1 – Hanoi, the capital city

Author

Filippo Paggiarin

Filippo Paggiarin

 

The plane flies towards Hanoi, once it was the capital city of North Vietnam now it is the capital of the whole Vietnam.

The vegetation and morphology of this place is visible from the windows of our airplane already and it gives us a prime of the nature of the country we are bound to: a young, green, thick country that is all to be discovered.

The smile and sincere helpfulness of the employee at the money exchange office inside the airport gives us the official welcome. This openness strongly clashes with the magnificence and seriousness of the sickle-and-hammer that dominate the imposing arch across the road that links the airport and the city. One could think it is a fortuity, that we have just been lucky to have found someone so open and helpful towards others although we are in a system so closed as the communist one traditionally should be, but this is not the case. As I will have the chance to see in the following days, this was just the first of the contrasts, inconsistencies, discrepancies this country is made of.

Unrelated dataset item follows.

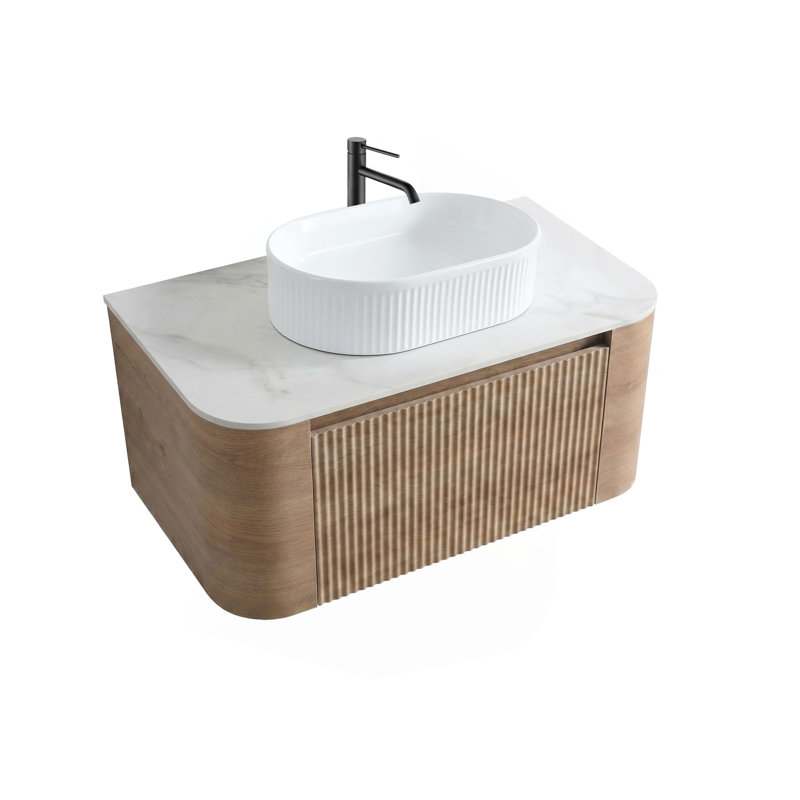 Meuble-lavabo Erba 36 pouces avec lavabo, armoire murale couleur miel avec porte-serviettes offert, lavabo ovale en céramique à rayures, sans bonde ni robinet, préassemblé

This is a thick country, as its traffic jam mainly made of motorcycles that moves like swarms of wasps. It is not very clear the rule that enables to avoid accidents or just to cross the street, at first sight it seems incomprehensible, but I will understand it more and more as i go walking through the streets of the cities of this place.

This traffic jam confuses you, much more of the place can be perceived from the (ugly) new buildings that are growing fast everywhere. I can start putting together the first pieces: it is a young country, with a low average age, fast and in a fast development. Hence, those sickles-and-hammers that in the West are summon a divided world, a world unable to communicate, here they assume another dimension, totally new.

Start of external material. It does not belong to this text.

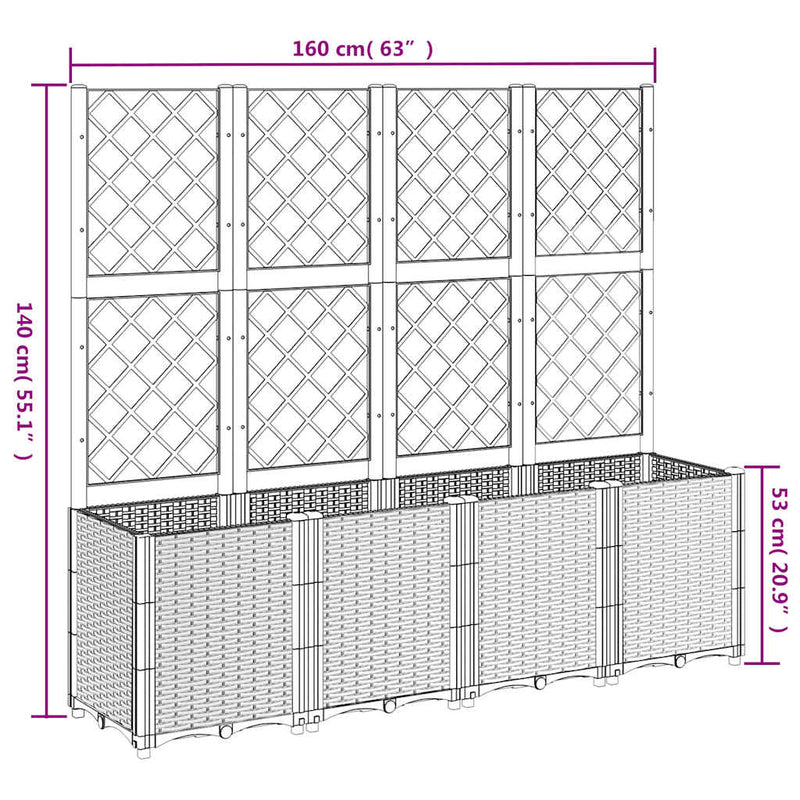 vidaXL Garden Planter with Trellis Blue Grey 160x40x140 cm PP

What is left of this sickle-and-hammer? Vietnam seems not to care too much about, at least those who rule the country. At his time, Ho Chi Minh exploited the great impact and strength that Socialism was having for getting the best out of it aiming it to the cause of Vietnamese Independence: similarly, today, with changed situations and always changing, Vietnam changes with them and is providing wide concessions to capitalism.

Once at the hostel we just leave baggage in the room and we go back out in the street: we are in the old quarter, where people cook and eat out in the narrow streets between parked motorcycles and other motorcycles running in every centimeter of soil left available.

We walk no real destination, blending ourselves with motorcycles (again, everywhere) and fruit street vendors with large cone-shaped hats and basket with exotic fruits pending from the tips of a stick that they hold on their shoulder while they walk around.

 

We go for a visit at the maison centrale, the political prison built by French colonial army. The place is really distressing, still it make us smile when it claims to demonstrate the difference of treatment that, instead, Vietnamese army would have reserved to American prisoners. In the picture on the walls it is in fact possible to see American soldiers play chess, poker or billiard while they laugh and smoke cigarettes.

The last surprise of the day is offered to us by the Temple of Literature. It is an isle surrounded by  modernity, not even its walls and trees can stop the noise of the city around it. But modernity is not only outside the temple, it is in as well and overcome every concept of past Vietnam, this modernity in this place has a name: Tom, and it is a 12-years-old boy. Tom comes over us, he says his mother brings him here to make him speak with foreigners and practice some English and so this is what he asks us. Surprised by the fluency of his English and by the cleverness of his answers, we accept.

He proposes himself as tour guide and he takes us to every corner of the temple telling jokes in a perfect English.

This thing lets us astonished, not only for his early age, but also because we are in Hanoi, capital city of that communist North Vietnam that fought and won against Americans.

Tom has no knowledge of how much amazed I am by his figure that is so much in contrast with his provenance, maybe he does not understand the reasons for that considering how natural is his behaviour.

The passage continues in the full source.